In the time it takes a human life sciences researcher to read one research article machines can process hundreds of thousands of articles. An unco-ordinated army of bots, crawlers, and other software agents are active day and night on the Internet discovering, ingesting, and analyzing research content. Many of these agents are designed to help researchers rapidly filter the ever-expanding research record and surface the articles and findings most relevant to their work. For these software agents to be most effective, they need to understand the content they are reading in a manner similar to an expert human reader. (What are the main concepts being discussed and what are the main findings asserted? What is this research article telling us that is new and what is supporting or contradicting past findings?). This is where semantic enrichment comes into play — semantic enrichment adds structured machine-readable metadata to life science articles to assist software agents in ‘reading’ the content in a manner similar to a human researcher. In the present study, I'll define the mechanism of semantic enrichment of life sciences content, examine the benefits it is bringing to researchers today, and preview promising avenues for future benefits.
Origin of the vision for a ‘Semantic Web’
In 2001, World Wide Web creator Tim Berners-Lee and his colleagues previewed a vision for the Semantic Web, an internet evolution that ‘will bring structure to the meaningful content of Web pages, creating an environment where software agents roaming from page to page can readily carry out sophisticated tasks for users ’. While his all-encompassing vision was subsequently challenged as too utopian to work effectively across the entire internet [2–4], it has now established a solid foothold in life sciences research publishing.
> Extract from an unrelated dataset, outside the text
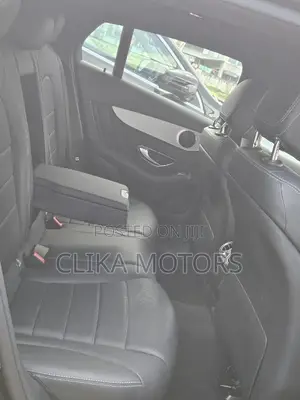 Mercedes-Benz GLC-Class 2018 Black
What is semantic enrichment?
Most research article tagging in XML, HTML, ePub, and PDF is designed to describe the structure and display of the article — this is the title, these are the authors, this is a figure legend, etc. Semantic enrichment tagging is different — it describes the concepts in the content.
Semantic enrichment in the life sciences is a direct application of Berners-Lee's Semantic Web vision. (Berners-Lee himself noted that the ‘e-science community’ was leading the way to the Semantic Web in his 2006 follow-up article, The Semantic Web Revisited ). Semantic enrichment is the process in which important entities and assertions (‘meaningful content’) are isolated from the narrative text of research articles and placed into normalized structures, so that publisher and researcher applications (‘software agents’) can read and process them in new and helpful ways (‘carry out sophisticated tasks for users’).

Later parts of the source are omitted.